Ahí es donde ambas series, Mindhunter y Manhunt, confluyen o quizá todo lo contrario, pero nos hacen cavilar: resulta que todo el esfuerzo de los protagonistas de la primera, con los que tanto hemos empatizado, a los pocos años ha llegado a eso: a dos líneas perfectamente equivocadas como perfil de un terrorista que, en efecto, deja más migas que Pulgarcito.

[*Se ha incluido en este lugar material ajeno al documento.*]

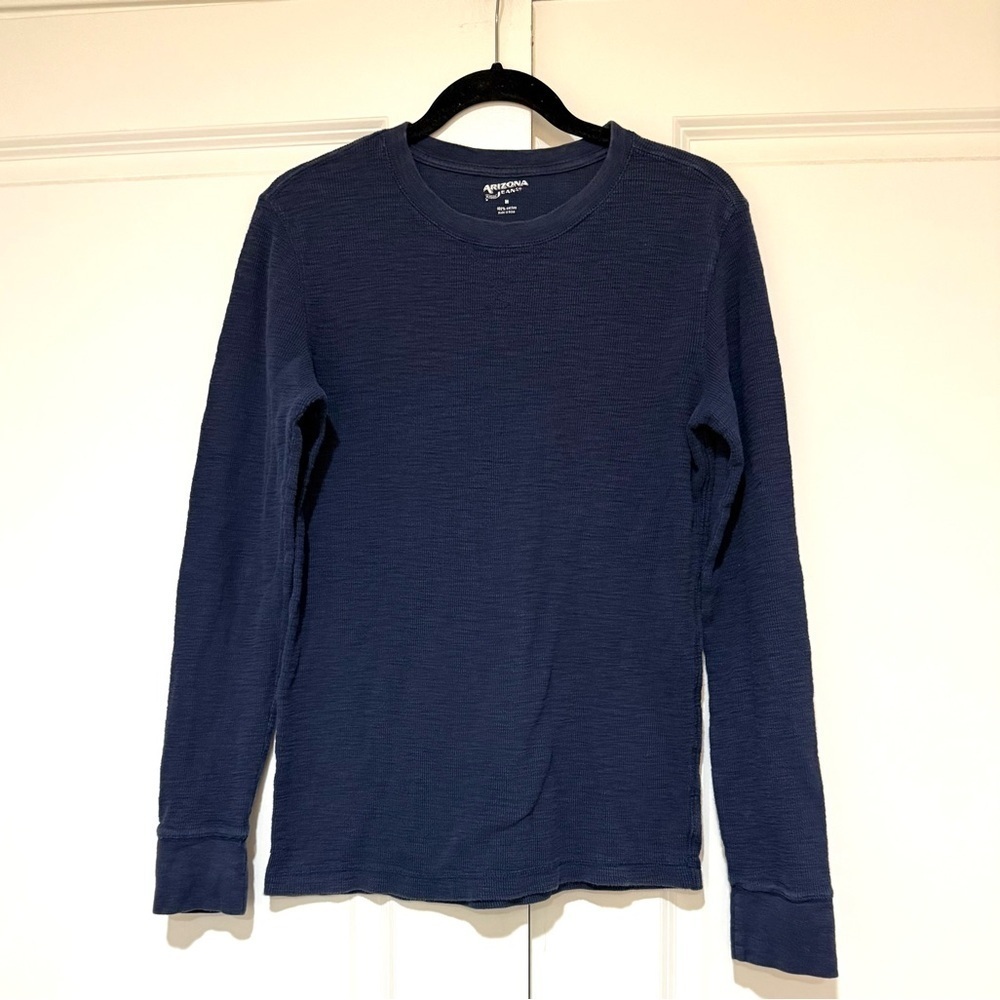Arizona Jean Co Blue Thermal Long Sleeve Mens sz M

«Lingüística forense», la llaman muy pronto, al principio despectivos, los jefazos del analista Fitzgerald. Qué buena expresión. El caso es que, veinticinco años después nos resulta de lo más normal eso de analizar el idioma de alguien para reconocerlo. ¿Por qué es tan viscosa la realidad administrativa o institucional u oficial para todos los avances? Algo a modo de epílogo, Manhunt nos muestra a Fitzgerald, pasado el tiempo, agotado de pelear, prácticamente fuera del sistema, viviendo casi como vivía Unabomber en plan cabaña y bosque. Sin embargo, algo como esa lingüística forense que prácticamente inventó él contra viento y marea sí que ha quedado como recurso potente y sólido de investigaciones policiales (y por supuesto, porque ya se venía haciendo, arqueológico-literarias), mientras que esos «perfiles psicológicos» policiales, que por cierto se han copiado se diría que hasta infantilmente por las policías de medio mundo, demostraron entonces y siguen demostrando en la actualidad que si suena la flauta, suena como le suena al burro de la fábula.

Como mínimo, tenemos que traer aquí uno de esos moscones conceptuales con los que tanto nos divertimos en esta web: los perfiles, para empezar, incluyen la viga maestra de «este tío tiene antecedentes (o no los tiene)»; de ser eso tan importante como se supondría por su jerarquía en esos protocolos de actuación y evaluación, no habría delitos. Porque da la impresión (en Manhunt no es impresión: lo hacen expresamente) de que hay que descartar como delincuente a aquel que todavía no lo ha sido, de modo que, visiblemente, nadie podría empezar a ser delincuente. Vaya aporía más tonta. Y entre eso, y un buen análisis del idiolecto, ¿con qué preferimos quedarnos?